Qual è il motivo per cui si può usare questa linea di frontiera del 70 d.C.? Nei vangeli sinottici è presente un discorso di Gesù detto «escatologico», cioè sul destino ultimo della storia. Per descrivere questa meta si assume a simbolo ed elemento di partenza probabilmente la distruzione di Gerusalemme. Gli evangelisti - e in particolare la cosa è evidente in Luca - probabilmente hanno rielaborato la descrizione della distruzione del tempio, che era una delle immagini apocalittiche per eccellenza, ricorrendo a quello che avevano visto o a quello che le loro orecchie avevano sentito narrare, cioè l'effettiva distruzione di Gerusalemme e del tempio sotto le armate romane. Si cerca, quindi, di individuare qualche allusione a quell’evento tragico del 70, allorché Tito rase al suolo Gerusalemme.

In Marco sembra che la descrizione sia la meno precisa, la più generica e stereotipata, meno attenta a riferire elementi storici puntuali. Altri, invece, sono di avviso diverso e collocano dopo il 70 anche Marco.

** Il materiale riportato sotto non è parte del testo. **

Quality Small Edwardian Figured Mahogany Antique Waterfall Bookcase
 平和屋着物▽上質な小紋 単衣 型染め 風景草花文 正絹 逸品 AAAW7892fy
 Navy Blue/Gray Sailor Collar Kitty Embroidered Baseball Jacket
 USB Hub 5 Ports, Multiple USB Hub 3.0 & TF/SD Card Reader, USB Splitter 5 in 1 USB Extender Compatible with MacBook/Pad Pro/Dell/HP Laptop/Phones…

Ormai da pochi è sostenuta l’identificazione con un passo marciano di un esile frammento con poche lettere rinvenuto a Qumran, tra i manoscritti di quella comunità giudaica e, quindi, destinati ad anticipare di molto la datazione del Vangelo. Di questo abbiamo ampiamente parlato nell’introduzione generale.

Possiamo dire, allora, che il Vangelo di Marco è databile immediatamente prima o immediatamente dopo il 70 d.C.; è comunque di sicuro il primo, cronologicamente parlando, e questo lo si afferma sulla base di una serie di considerazioni soprattutto di ordine filologico e di critica interna.

 

Il testo

Restringiamo il nostro orizzonte per giungere a un cerchio più circoscritto. Ci fermiamo sul testo cominciando a individuarne le qualità generali. Iniziamo con l'elemento fondamentale: è quasi come la grande tesi letteraria e ideale che regge l’opera. Marco ha probabilmente inventato il genere letterario «vangelo», in greco euanghélion, cioè «buona novella o notizia». Prima di allora forse era esistito qualcosa di simile, ma non la forma «vangelo» così come è giunta fino a noi. Come sappiamo, probabilmente erano stati già elaborati un racconto della passione e un racconto dell’infanzia di Gesù. All’interno di questo nucleo si era cercato di riassumere un po' tutta la biografia di Gesù: il Gesù bambino, infatti, era già delineato come il Cristo risorto. In quella piccola figura si cercava di concentrare il suo destino successivo. Anche il racconto della passione e della morte del Cristo è un po’ tutta la sua storia precedente e anche tutto il significato della sua persona.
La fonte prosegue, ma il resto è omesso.